TASK MATERIAL —
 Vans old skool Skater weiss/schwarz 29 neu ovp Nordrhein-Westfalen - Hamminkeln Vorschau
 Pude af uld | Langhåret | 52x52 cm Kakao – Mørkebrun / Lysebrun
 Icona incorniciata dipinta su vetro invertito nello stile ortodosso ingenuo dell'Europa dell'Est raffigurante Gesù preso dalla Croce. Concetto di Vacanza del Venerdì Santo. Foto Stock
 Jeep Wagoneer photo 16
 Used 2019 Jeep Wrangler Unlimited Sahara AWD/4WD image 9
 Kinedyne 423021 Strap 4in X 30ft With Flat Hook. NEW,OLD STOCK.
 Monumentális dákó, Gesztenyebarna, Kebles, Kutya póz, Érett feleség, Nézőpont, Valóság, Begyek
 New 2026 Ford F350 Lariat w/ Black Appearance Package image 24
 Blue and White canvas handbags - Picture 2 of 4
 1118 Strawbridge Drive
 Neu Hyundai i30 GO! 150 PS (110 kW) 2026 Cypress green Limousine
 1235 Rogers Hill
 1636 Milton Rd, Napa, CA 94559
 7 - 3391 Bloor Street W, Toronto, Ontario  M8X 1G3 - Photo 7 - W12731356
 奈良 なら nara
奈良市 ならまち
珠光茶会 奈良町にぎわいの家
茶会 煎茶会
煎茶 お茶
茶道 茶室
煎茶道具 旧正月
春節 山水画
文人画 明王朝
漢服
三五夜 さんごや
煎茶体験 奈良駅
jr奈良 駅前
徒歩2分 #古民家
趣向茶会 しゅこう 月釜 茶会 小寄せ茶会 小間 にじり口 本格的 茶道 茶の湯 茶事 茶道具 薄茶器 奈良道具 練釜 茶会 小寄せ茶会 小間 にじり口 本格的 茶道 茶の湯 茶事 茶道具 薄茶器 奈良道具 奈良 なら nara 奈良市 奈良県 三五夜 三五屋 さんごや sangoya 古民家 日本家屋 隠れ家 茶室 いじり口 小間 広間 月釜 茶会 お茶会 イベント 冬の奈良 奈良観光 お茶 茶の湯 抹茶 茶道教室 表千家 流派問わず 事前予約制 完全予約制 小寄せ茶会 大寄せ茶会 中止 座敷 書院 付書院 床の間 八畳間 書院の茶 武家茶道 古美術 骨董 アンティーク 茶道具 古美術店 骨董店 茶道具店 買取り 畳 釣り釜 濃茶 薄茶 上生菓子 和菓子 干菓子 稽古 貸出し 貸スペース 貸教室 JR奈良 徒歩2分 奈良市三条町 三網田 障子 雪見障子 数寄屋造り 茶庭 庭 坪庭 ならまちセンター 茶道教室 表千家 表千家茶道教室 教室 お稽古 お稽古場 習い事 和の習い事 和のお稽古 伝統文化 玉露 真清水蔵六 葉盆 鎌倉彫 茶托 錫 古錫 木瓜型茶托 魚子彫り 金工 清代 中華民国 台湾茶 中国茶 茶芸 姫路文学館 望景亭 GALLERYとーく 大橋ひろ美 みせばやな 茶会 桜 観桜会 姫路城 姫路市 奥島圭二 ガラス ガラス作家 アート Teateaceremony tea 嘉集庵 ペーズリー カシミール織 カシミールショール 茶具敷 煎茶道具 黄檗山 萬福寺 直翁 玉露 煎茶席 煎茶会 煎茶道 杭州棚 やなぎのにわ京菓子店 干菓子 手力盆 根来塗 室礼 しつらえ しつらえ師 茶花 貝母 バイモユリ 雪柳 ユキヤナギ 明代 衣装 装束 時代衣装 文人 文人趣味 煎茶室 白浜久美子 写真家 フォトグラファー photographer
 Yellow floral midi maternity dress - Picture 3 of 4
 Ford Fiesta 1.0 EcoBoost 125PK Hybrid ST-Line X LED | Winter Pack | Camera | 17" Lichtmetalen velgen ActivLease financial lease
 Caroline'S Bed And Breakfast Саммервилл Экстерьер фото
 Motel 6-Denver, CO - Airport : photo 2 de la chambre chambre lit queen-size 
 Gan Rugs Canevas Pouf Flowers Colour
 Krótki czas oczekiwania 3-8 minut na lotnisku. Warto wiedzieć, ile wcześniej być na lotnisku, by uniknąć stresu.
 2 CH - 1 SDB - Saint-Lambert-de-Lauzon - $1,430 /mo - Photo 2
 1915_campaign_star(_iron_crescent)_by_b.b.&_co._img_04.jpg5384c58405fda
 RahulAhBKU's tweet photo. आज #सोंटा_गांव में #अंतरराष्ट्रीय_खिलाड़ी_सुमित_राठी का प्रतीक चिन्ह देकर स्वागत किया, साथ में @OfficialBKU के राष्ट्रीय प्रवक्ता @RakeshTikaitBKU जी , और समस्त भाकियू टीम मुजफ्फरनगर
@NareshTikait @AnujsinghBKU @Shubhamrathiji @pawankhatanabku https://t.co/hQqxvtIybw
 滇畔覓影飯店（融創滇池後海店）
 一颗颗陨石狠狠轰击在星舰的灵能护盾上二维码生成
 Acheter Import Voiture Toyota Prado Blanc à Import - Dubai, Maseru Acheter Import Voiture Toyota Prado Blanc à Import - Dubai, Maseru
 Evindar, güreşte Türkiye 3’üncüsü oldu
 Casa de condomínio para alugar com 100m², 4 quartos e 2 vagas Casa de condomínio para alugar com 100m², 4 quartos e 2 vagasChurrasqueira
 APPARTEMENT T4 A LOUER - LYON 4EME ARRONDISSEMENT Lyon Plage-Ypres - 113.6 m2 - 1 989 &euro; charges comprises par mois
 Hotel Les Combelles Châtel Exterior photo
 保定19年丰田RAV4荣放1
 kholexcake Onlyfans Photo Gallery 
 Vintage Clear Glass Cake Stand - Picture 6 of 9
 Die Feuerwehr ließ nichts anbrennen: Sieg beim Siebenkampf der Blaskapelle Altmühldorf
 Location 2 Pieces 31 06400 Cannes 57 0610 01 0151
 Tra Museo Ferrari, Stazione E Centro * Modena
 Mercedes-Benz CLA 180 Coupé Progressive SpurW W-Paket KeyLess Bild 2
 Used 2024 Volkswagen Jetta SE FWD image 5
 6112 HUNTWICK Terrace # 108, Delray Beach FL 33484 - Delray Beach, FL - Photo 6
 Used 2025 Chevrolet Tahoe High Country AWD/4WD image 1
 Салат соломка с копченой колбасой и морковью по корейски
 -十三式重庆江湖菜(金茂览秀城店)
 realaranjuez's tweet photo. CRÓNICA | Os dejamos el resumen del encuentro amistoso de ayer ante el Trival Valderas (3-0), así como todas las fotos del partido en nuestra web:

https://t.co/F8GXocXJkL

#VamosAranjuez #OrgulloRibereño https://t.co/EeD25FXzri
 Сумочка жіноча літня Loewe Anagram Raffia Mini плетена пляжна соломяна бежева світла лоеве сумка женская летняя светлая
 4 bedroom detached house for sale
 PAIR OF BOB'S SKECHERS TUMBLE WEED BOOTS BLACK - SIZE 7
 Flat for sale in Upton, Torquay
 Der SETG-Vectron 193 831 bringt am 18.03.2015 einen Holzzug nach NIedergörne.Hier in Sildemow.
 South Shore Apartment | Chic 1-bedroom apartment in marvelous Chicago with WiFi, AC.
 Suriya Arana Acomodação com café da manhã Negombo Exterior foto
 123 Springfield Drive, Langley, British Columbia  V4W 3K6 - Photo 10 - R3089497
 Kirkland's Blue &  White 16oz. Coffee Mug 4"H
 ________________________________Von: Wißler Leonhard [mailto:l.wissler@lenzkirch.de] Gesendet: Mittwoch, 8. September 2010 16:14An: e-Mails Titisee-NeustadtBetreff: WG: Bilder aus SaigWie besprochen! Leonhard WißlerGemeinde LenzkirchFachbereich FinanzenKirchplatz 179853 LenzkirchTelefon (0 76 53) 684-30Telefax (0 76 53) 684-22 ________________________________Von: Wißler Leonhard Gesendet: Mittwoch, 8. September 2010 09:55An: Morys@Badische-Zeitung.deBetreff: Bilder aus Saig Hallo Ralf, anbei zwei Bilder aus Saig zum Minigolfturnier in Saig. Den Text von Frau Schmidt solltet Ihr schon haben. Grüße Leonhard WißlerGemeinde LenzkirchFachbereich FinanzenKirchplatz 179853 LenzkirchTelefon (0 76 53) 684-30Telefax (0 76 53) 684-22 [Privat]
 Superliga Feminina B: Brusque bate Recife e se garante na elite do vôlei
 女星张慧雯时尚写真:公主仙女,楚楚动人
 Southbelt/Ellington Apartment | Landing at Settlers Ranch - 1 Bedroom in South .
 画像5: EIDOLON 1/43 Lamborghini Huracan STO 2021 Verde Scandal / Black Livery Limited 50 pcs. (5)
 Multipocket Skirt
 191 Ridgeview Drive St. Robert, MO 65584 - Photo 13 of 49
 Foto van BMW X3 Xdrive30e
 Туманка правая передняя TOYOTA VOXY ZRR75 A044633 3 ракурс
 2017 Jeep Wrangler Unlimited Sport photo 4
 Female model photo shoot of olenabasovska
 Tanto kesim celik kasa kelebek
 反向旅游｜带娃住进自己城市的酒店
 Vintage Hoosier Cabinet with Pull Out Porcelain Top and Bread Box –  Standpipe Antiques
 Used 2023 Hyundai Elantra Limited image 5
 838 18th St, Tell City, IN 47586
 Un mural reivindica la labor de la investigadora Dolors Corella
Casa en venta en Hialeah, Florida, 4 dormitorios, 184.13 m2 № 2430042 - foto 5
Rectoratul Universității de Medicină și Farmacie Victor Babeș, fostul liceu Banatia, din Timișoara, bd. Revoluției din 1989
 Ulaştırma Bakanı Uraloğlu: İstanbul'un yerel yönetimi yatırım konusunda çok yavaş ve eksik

INSTRUCTIONS FOR THE TASK —
Nothing but a number should be given: how many lines in the listing hold the word "sale".

RESULT OF THIS TASK —
2